Thursday 19 May 2011

Quite a story...

Shortly after taking my seat on the Cardiff-Swansea train this morning I noticed a small colourful micro fluttering around me. Fortunately I had a pot in my rucksack and the lady sat opposite was too engrossed in her book to notice me searching for the moth beneath the table. Luckily it had alighted on my rucksack and was easy to pot.

The moth seems to be Denisia albimaculea, which, according to my version of the county database, hasn't been recorded in VC41 (or Wales?) since a 1934 record by Hallett from central Cardiff which is regarded as questionable.

The question is - what was the origin of the moth? The train had come from Crewe, and the moth could potentially have hopped aboard on the way, but I think it's more likely it landed on me as I cycled through Bute Park to the station, as it was flying around me as I took off my ruscksack on the train. What do you think Dave - can I count it as a Glamorgan record?? I'm going to have a look on lime trunks (the larval foodplant) in Bute Park tomorrow if the weather's ok.

I don't think it's the similar (but rarer) D augustella, but have kept the specimen just in case.


  1. Well, I don't have access to my library until I get back on Saturday, but it certainly looks good. The problem with Hallett's record is simply that there is no way to know which of the two he recorded - they were split after his time. Although the origin of your moth is tenuous, I don't think there is a problem recording it for Glamorgan with appropriate comments attached to the record. No go an find some more!

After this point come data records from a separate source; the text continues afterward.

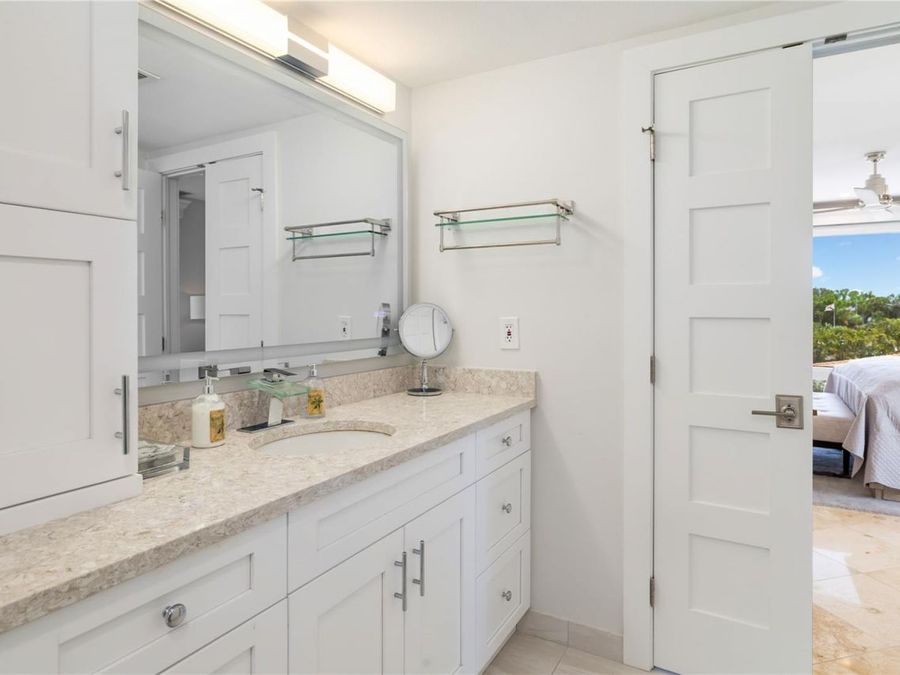 Property Image 67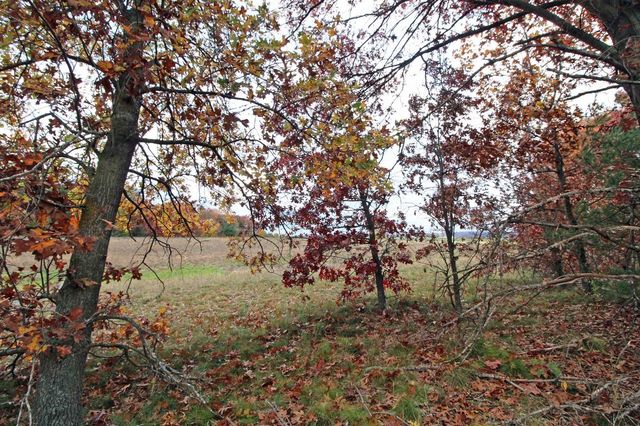 Lot20 Timber Trail Lot 20, Spring Green, WI 53588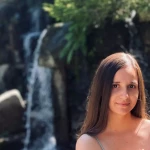 niania - zdjęcie plofirowe użytkownika Angelika P.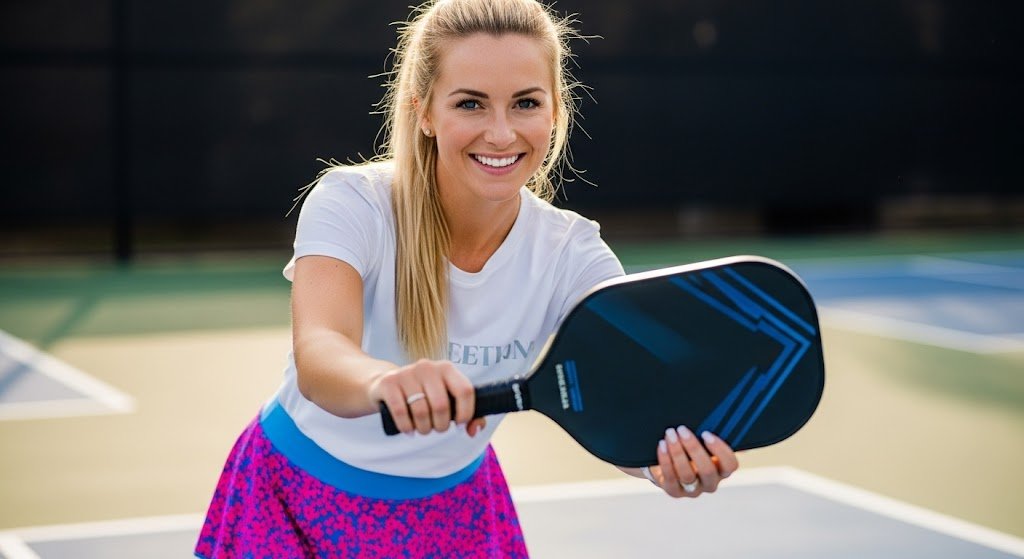 pb-club-pickleball-img024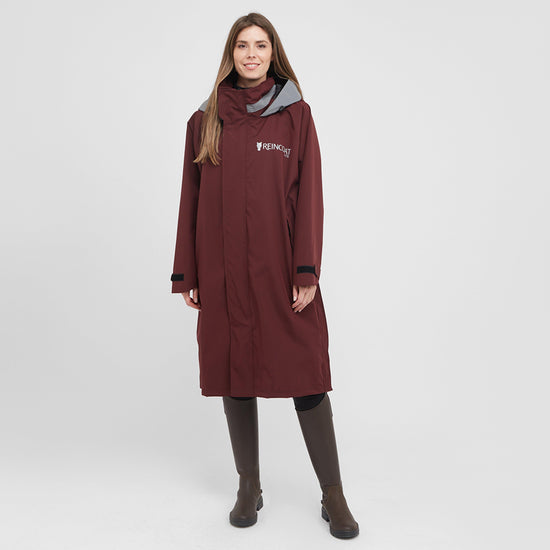 Adults Reincoat Lite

  2. Great account George, more gripping than 'Murder on the Orient Express'!
    I agree with Dave 100% it's a vc41 record, but where you plot it is not easy; personally I see it as a West Glam record as that's where it got of the train. Clearly that's where it wanted to be!!!

  3. Well done George. Agree it is a VC41 record and if you potted it up in Swansea, then that should be the dot on your map. The Hallett record may be erroneous, however as Dave said a split was done after Hallett's day. The other fact is that Lime trees were planted after all the Elms around the city centre died of DED in the late 1960s & early 1970s, so species associated with Lime became more common: Lime Hawk for one, quite rare in VC41 before the extensive planting of Lime trees. May be this moth did follow you from Cardiff, and maybe it is present now in VC41, so well worth having a look. Well done, good find.

  4. Thanks for the feedback guys. Actually I potted it just after leaving Cardiff Central, bound for Swansea, so I'll put the grid ref down as Cardiff Central Station (sorry Barry, it's an East not West record!).

    I had a quick look on various mature trees (limes, sycamores and planes) near the river in Llandaff North this lunchtime, but without success. However, I did find a couple of Luffia ferchaultella cases on a lime on Gabalfa Avenue, so it wasn't a totally fruitless search.

    Jake - interesting comment about the Lime hawks, as they also feed on elms I'd have thought they'd have been common before the elms died (but perhaps they prefer lime?).